WHAT NEEDS TO BE DONE: Reproduce, without any change, the span of lines from the opening of the records below to the line containing "A pair of leg", inclusive.

################

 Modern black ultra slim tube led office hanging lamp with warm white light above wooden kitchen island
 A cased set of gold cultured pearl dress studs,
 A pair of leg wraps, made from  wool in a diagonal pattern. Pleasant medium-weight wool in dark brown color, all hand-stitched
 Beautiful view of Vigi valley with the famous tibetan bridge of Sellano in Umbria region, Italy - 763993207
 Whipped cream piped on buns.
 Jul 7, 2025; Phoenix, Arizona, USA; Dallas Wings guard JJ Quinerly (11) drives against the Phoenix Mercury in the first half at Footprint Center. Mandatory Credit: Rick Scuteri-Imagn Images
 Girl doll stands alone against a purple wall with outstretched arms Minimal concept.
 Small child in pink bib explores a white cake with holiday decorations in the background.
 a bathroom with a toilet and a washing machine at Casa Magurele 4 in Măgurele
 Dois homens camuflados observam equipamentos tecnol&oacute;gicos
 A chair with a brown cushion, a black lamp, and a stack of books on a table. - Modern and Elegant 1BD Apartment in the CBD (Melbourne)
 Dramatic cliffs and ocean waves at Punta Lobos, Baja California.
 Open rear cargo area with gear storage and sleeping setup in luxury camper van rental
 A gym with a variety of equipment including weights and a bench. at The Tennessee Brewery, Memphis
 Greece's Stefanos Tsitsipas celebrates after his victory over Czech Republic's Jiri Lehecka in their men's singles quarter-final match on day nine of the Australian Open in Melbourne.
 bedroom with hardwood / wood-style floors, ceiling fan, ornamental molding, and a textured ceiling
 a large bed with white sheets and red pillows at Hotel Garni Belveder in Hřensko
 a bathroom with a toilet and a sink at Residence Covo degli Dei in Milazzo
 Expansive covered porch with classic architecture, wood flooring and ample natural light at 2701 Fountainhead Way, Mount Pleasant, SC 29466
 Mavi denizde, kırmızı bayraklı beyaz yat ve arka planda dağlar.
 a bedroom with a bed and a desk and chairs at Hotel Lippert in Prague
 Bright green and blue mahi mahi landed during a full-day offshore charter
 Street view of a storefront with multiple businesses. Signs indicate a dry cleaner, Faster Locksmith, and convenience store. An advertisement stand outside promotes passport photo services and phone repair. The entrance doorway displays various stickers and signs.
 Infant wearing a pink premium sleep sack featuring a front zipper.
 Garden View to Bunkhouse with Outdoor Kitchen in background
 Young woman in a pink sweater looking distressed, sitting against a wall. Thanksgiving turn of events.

################

OUTPUT FOR THIS EXERCISE:
 Modern black ultra slim tube led office hanging lamp with warm white light above wooden kitchen island
 A cased set of gold cultured pearl dress studs,
 A pair of leg wraps, made from  wool in a diagonal pattern. Pleasant medium-weight wool in dark brown color, all hand-stitched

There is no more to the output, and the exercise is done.